Daar in het huis van zijn vriend en leraar, die hem de Perzische en Arabische literatuur leerde ken­nen, vond hij zijn geestelijk begeleider: Syed Mohammed Hashim Madani. Deze behoorde tot de Indiase Chistia Orde der Soefi's. Vier jaar bleef bij in Hyderabad tot de dood van zijn Murshid in 1908. Twee jaar later vertrok hij naar de Verenigde Staten samen met zijn broer Maheboob Khan en zijn neef Mohammed Ali Khan, later gevolgd door zijn jongste broer Musharaff Khan, om daar de boodschap van geestelijke vrijheid en de eenheid van religieuze idealen te brengen. Zij, de broers, waren allen musici. In 1912 trouwde lnayat Khan met de Amerikaanse Ora Ray Baker. Uit dit huwelijk zouden vier kinderen geboren worden: Noorunnisa, Vilayat, Hidayat en Khairunnisa. In 1913/1914 was de familie in Rusland, waar lnayat Khan zich misschien wel voor het eerst echt thuis voelde: de hele atmosfeer daar herinnerde hem aan India. Hij werkte er samen met de zoon van de schrijver Leo Tolstoi, Sergei Tolstoi, een musicus, aan een muziekstuk: Sjakuntala. Hij had daar ook contacten met de componist Skriabin. Vlak voor het uitbreken van de Eerste Wereldoorlog gingen zij naar Frankrijk en spoedig daarna naar Engeland, waar zij tot 1920 bleven. Overal in het Westen kreeg Inayat Khan leerlingen.De Soefi activiteiten begonnen op gang te komen. Zij lieten hem geen tijd meer voor zijn muziek. Vanaf die tijd stem­de hij geen instrumenten meer maar mensen, zoals hij het zelf uitdrukte. Zijn broers gingen door met het geven van concerten. Ali Khan kreeg zelfs een Westerse muziekopleiding als operazanger aan de beken­de muziekacademie S. Caecilia in Rome. In 1920 vertrok de familie Khan naar Frankrijk en vestigde zich eerst in Wissous en later in Suresnes vlakbij Parijs. Vanaf 1923 worden daar de grote zomerbijeenkomsten gehouden: de Zomerschool. In 1921 vond die voor het eerst plaats in Wissous en in 1922 in Katwijk aan Zee.

Murad Hassil

In de duinen in Katwijk aan Zee had hij een bijzondere ervaring. Hij gaf die plaats de naam: Murad Hassil (wens vervuld). Op die plaats is later de soefi-tempel gebouwd die deze naam heeft gekregen. 

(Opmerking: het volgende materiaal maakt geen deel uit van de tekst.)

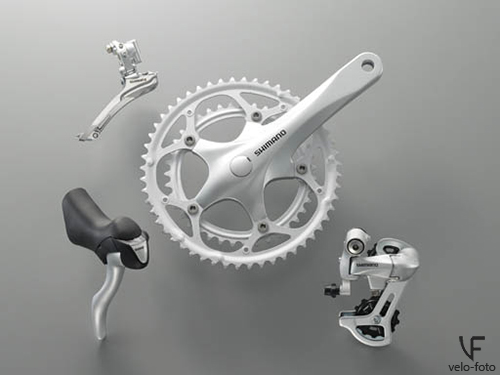 Shimano 2300.<br /><br />Младшая шоссейная группа. Имеет 2(3)х8 скоростей, «пистолеты» не имеют «дуал» переключения, а это значит, что переключение в одну сторону происходит с помощью самой ручки, а в другую, с помощью верхнего рычажка, визуализация скоростей присутствует. Используется каретка «под квадрат», всё оборудование делается из довольно дешёвых материалов, и как следствие это оборудование довольно тяжёлое и недолговечное.  Задний переключатель поддерживает работу со звездой до 26 зубьев, а систему на 2 звезды можно выбрать одну из двух, либо 52/39, либо 50/34.<br /><br />Обычно компоненты данной группы ставят на шоссейные велосипеды начального уровня. В принципе, нормальный выбор для тех, кто хочет купить первый шоссейник для «попробовать».<br /><br />Группа включает в себя: кассету, цепь, систему, передний и задний переключатели, шоссейные шифтеры или шифтеры для прямого руля.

Veel van de 'teachings' van Inayat Khan, waarvan een gedeelte in dertien delen gebundeld is, dateren uit die tijd. Zij werden als voordrachten gegeven tijdens de diverse Zomerscholen ‑ soms wel vijf lezingen per dag ‑ en opgetekend door verschillende leerlingen. Inayat Khan schreef zelf geen boeken. Alleen de afo­rismen in de Gayan, Vadan en Nirtan zijn door hem­zelf opgeschreven in zijn notitieboekje. Recent is een Indiase uitgave van de dertien delen plus index door de bekende wetenschappelijke uitgeverij Motilal Banarsidass uitgegeven. Zijn lezingen bevatten een boodschap die het Oosten en het Westen nader tot elkaar kan brengen en die tegelijkertijd een praktische filosofie is. Hij heeft een grote diversiteit aan onderwerpen  behandeld: de ziel vanwaar, waarheen; de mys­tiek van muziek, woord en geluid; de kunst van de persoonlijkheid; morele evolutie; mentale zuivering en genezing; de eenheid van religieuze idealen; filo­sofie, psychologie en mystiek.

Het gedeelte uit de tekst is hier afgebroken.